The estimated impact on these key ratios is then aggregated and extrapolated across the portfolio to see summary-level values and the impact on the institution’s financial statements and other Call Report data.

Whether the institution uses a complex set of spreadsheets for the analysis or a stress testing software, stress testing results from the bottom up analysis can be used to determine the potential change in capital levels and new capital ratios that the institution would have in the defined stress scenario.
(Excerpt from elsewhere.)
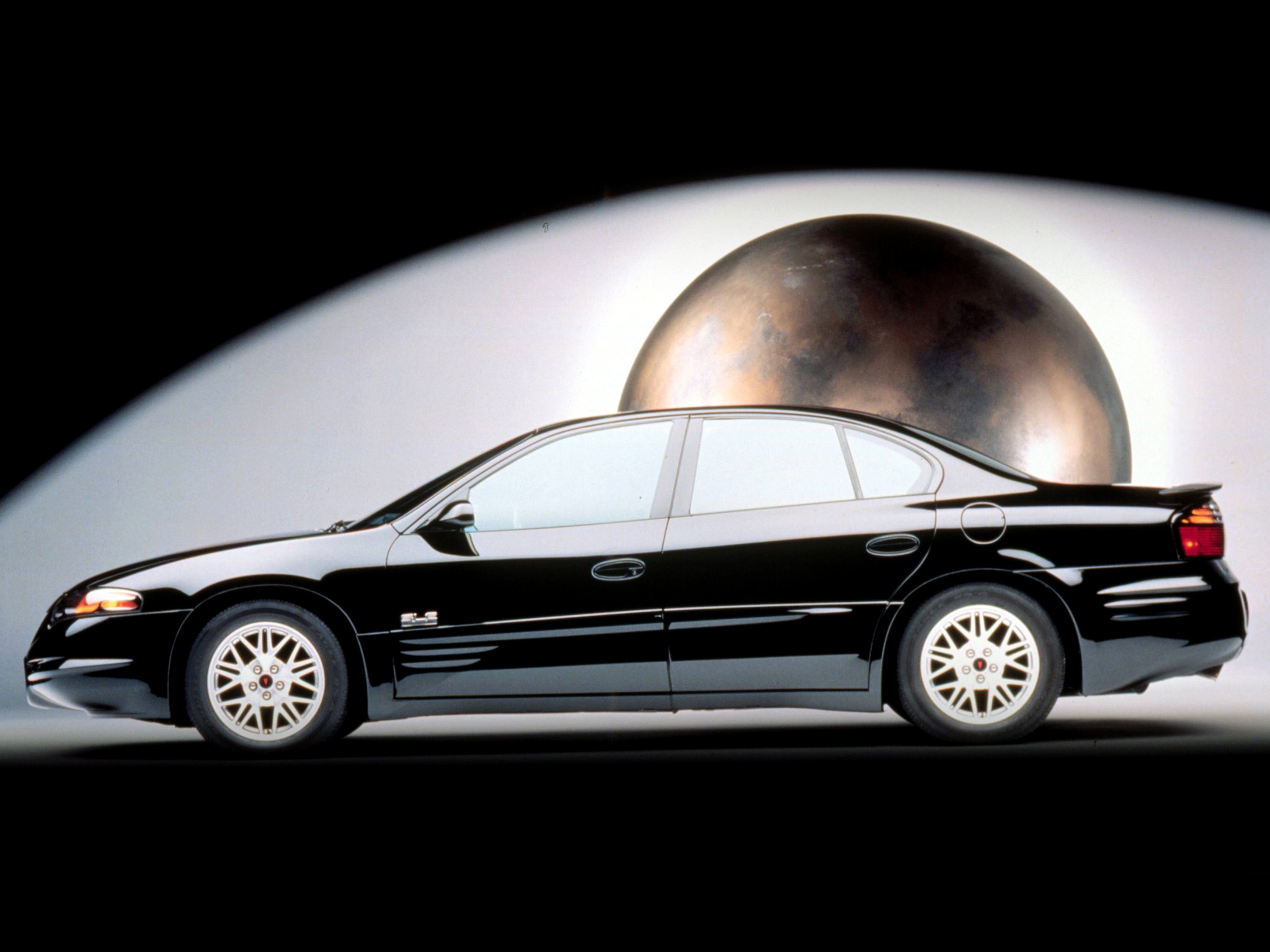 Pontiac Bonneville photo 19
It will be these capital ratios that examiners use during a federal exam to determine if the institution is adequately capitalized or if additional capital reserves must be allocated.

A challenge with performing bottom-up stress tests is the level of financial and collateral detail required for loans. “I think a lot of banks are intimidated by the idea of gathering all of that data for a large portfolio or their entire CRE portfolio,” noted Liz Williams of CEIS Review, Inc., an independent consulting firm with expertise in loan review programs, ALLL and portfolio stress testing. But complete data coverage is not necessary from the start. “You do not need 100 percent coverage of the portfolio on Day-One,” Liz explains. Rather, focus on data collection for a manageable portion of the portfolio and start to establish processes, whether at loan review or origination, through which data can be collected more systematically.  At the end of the process, bottom-up stress testing for an area of concentration can help the bank justify or support a concentration, such as CRE.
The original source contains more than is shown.